The primary measure that we will use is the
reliability, ρ, of observers' settings for the adjustable sector, defined as the reciprocal of setting variance (Backus & Banks,
1999). We specifically investigate whether the
combination of chromatic and achromatic cues leads to a more reliable percept of transparency. For
Figure 3A, we noted that in a six-region achromatic display, the convergence model predicts a unique luminance
f1 for the variable sector as demonstrated in the diagram in
Figure 3B. In an experiment using this configuration, Kasrai and Kingdom (
2001) found that although this luminance prediction for the variable sector is supported, there is in fact a relatively wide range of luminance values around
f1 that generate a percept of transparency.
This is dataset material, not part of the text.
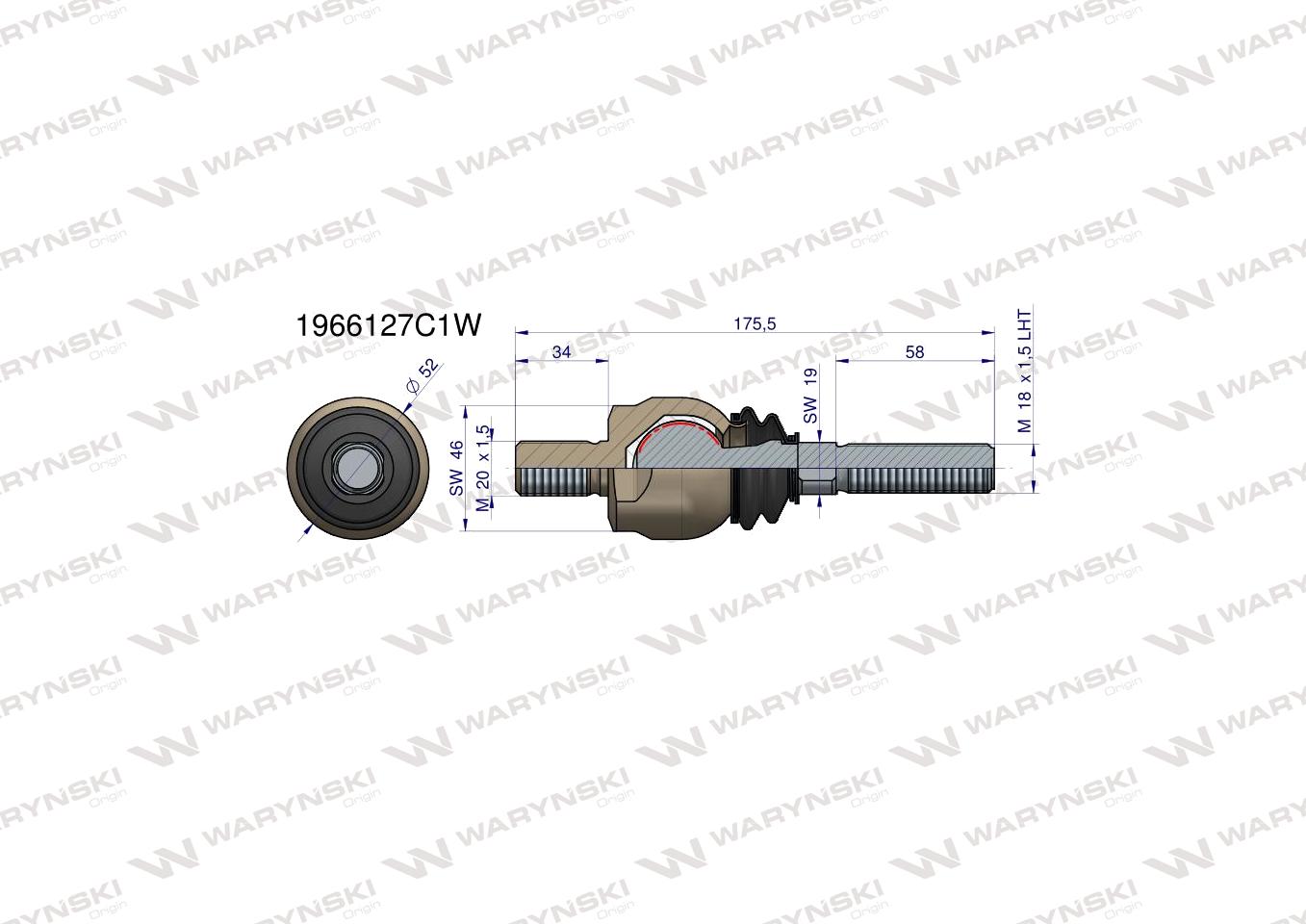 Przegub kierowniczy 175,5mm- M20x1,5; M18x1,5L 1966127C1 WARYŃSKI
We ask whether the addition of equiluminant color to such a display will “sharpen” the percept of transparency, thereby decreasing the variability in observers' settings.
In addition to the achromatic case—which we will refer to as the
L condition—we will have a purely chromatic (equiluminant color) condition,
C. An example of such a condition is shown in
Figure 4A, in which all chromatic variations are defined along the single dimension of saturation—going from neutral to highly saturated yellow. We emphasize that, in the chromatic displays, the six regions are equiluminant. It is clear that, as in the achromatic case, there is a unique solution (here, for the saturation of the adjustable sector) that satisfies the convergence model (depicted in
Figure 4B). A “cue-combined” version will be created by superimposing the
L and
C displays, so that the transparent filter in the resulting
L +
C display contains both achromatic and chromatic convergence. The details of how the superposition was achieved will be explained in the
General methods section. The critical question will be whether setting reliability in the
L +
C case is systematically higher than in the
L case. Moreover, to address the question of whether the introduction of
any colors (rather than just polarity-preserving, transparency-consistent colors) improves the percept of transparency, we included a fourth condition,
L +
iC, in which the chromatic component of the superposition is polarity reversed—hence, inconsistent with transparency (recall Metelli's qualitative constraints).
The first two experiments test whether adding color to luminance information makes transparency more precise relative to either cue in isolation. The third experiment applies further configuration manipulations to determine whether the relative strength and contrast between the two cues influence perceived transparency.